An employee works in a car assembly line at the joint manufacturing facility of Renault Nissan Automotive India in Oragadam, Chennai. Owing to GST rate cuts, the sector reported robust sales (Photo | AFP)
Editorial

India Inc weathers Q1 storm, not fully out of doldrums

The robust earnings outlook in spite of uncertainty over the West Asia war means the economy has fared better than was earlier expected

Express News Service

Corporate India’s first-quarter earnings outlook appears optimistic, notwithstanding the conflict in West Asia. From banking and auto to consumer goods, most sectors are expected to report decent numbers, thanks to domestic demand that held up reasonably well. According to Crisil, India Inc’s overall revenue is projected to grow at a two-year high of up to 11.5 percent during the April-June quarter, a period that faced volatile oil prices, severe supply chain disruptions and higher inflation. The analytics firm also noted that growth may not be uniform across sectors, but broad-based enough to hold up the aggregate.

The auto sector has reasons to be more optimistic than others about the first quarter of 2026-27. Owing to GST rate cuts, the sector reported robust sales of passenger vehicles, commercial fleet and two-wheelers. Likewise, sales of consumer durables and fast-moving goods stayed healthy because of the resilience of private consumption. However, the IT sector, which is facing headwinds due to subdued investments in artificial intelligence, is expected to post single-digit growth, that too partly helped by a weaker currency. For instance, market leader TCS’s constant-currency revenue grew barely 0.4 percent in the first quarter, though it was hopeful of better second half of the year. On the other hand, a credit growth of 17 percent—with acceleration near the end of the quarter—with healthy deposits and advances data augur well for the banking sector, especially for private banks.

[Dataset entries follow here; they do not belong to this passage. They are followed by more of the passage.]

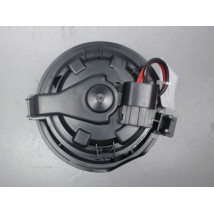 MOTEUR VENTILATEUR CHAUFFAGE PEUGEOT 208
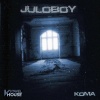 Juloboy - Koma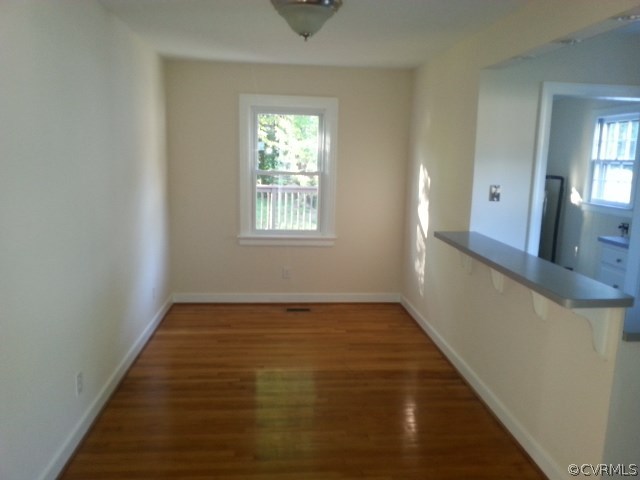 3014 Overton Road Henrico, VA 23228 - Photo 3 of 16 Gallery Image 3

The robust earnings outlook in spite of uncertainty over the West Asia war means the economy has fared better than was earlier expected. If the macro headwinds are indeed behind us, as a section of the market expects, with crude oil prices staying closer to the pre-war levels, the earnings momentum and overall growth should pick up from the second quarter. That said, it is important to note that the pass-through of higher prices often comes with a lag. Given that fuel price hikes in India began in May, and have not been rolled back yet despite a significant correction in global crude prices, higher input prices will persist and will be felt sharper in the second quarter. Lastly, oil prices remain volatile with an upside risk and deficient rainfall poses a threat to rural demand and food prices. The sum of it means that India Inc’s second-quarter profitability needs a close calibration.